Why a resettable DSU instead of rollback? Each pass rebuilds from scratch. We only need to undo everything at the end of a pass, not fine-grained rollback to arbitrary checkpoints. Tracking modified nodes and restoring them is simpler and faster than a full rollback stack.

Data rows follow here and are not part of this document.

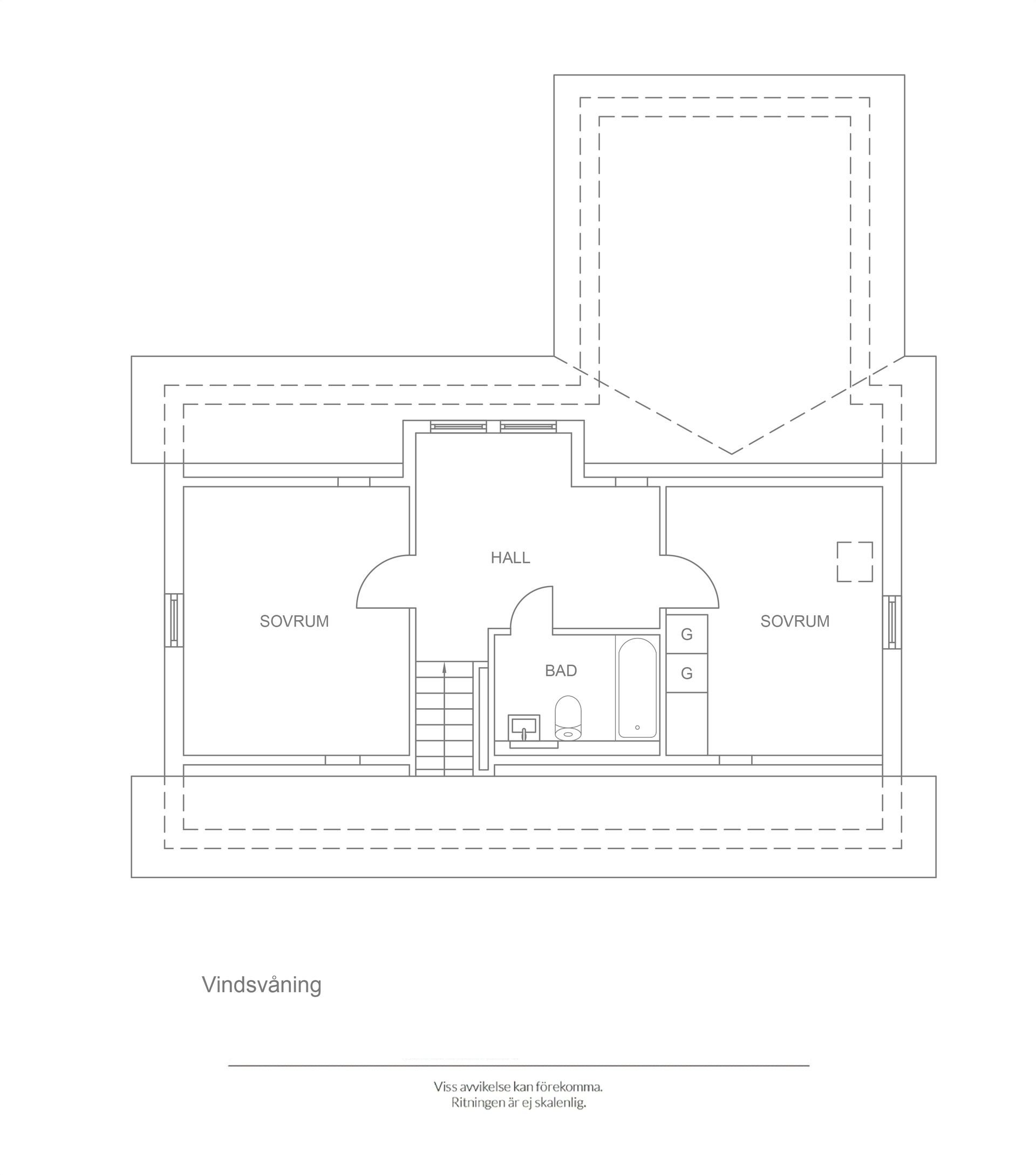 Villa, Klockaregatan 16, Vellinge Kommun, Vellinge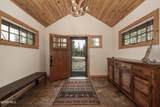 1620 County Rd 491 - Photo 4
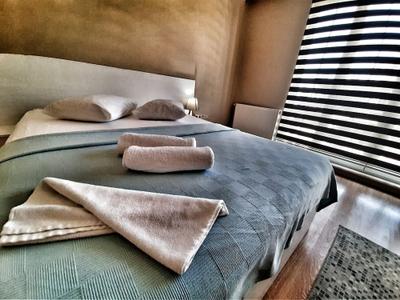 Alme Suite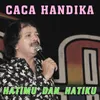 About Hatimu Dan Hatiku Song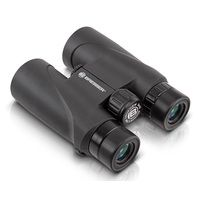 Bresser TrueView 8x42 WP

Complexity: $O (\log M \cdot (M \cdot α (N) + Q \cdot α (N)))$ $= O ((M + Q) \cdot α (N) \cdot \log M)$ .

Operations Reference

Operation	Time per pass	Passes	Total
Bucket queries by midpoint	$O (Q)$	$O (\log T)$	$O (Q \log T)$
Sweep events (BIT updates)	$O (T \log N)$	$O (\log T)$	$O (T \log N \log T)$
Evaluate queries (BIT queries)	$O (Q \log N)$	$O (\log T)$	$O (Q \log N \log T)$
Reset BIT	$O (N)$	$O (\log T)$	$O (N \log T)$
BIT variant total	--	--	$O ((T + Q) \cdot \log N \cdot \log T)$
Sweep events (DSU unions)	$O (T \cdot α (N))$	$O (\log T)$	$O (T \cdot α (N) \cdot \log T)$
Evaluate queries (DSU finds)	$O (Q \cdot α (N))$	$O (\log T)$	$O (Q \cdot α (N) \cdot \log T)$
Reset DSU	$O (T)$	$O (\log T)$	$O (T \log T)$
DSU variant total	--	--	$O ((T + Q) \cdot α (N) \cdot \log T)$

Problem Patterns & Tricks

Pattern 1: Minimum Time for Threshold (BIT)

$M$ events add values to positions. Each query asks: "minimum time such that the sum over $[l, r]$ reaches threshold $k$ ."

Binary search over time. Each pass sweeps all events, updating a BIT. At each midpoint, query the BIT for the range sum and compare to $k$ .

Template: Version 1 above.

Examples: Meteors (POI 2011), CF 617E.

Pattern 2: Minimum Time for Connectivity (DSU)

$M$ edges added over time. Each query asks: "when do nodes $u$ and $v$ first become connected?"

Binary search over the edge insertion timeline. Each pass replays all edges into a DSU. At each midpoint, check connectivity.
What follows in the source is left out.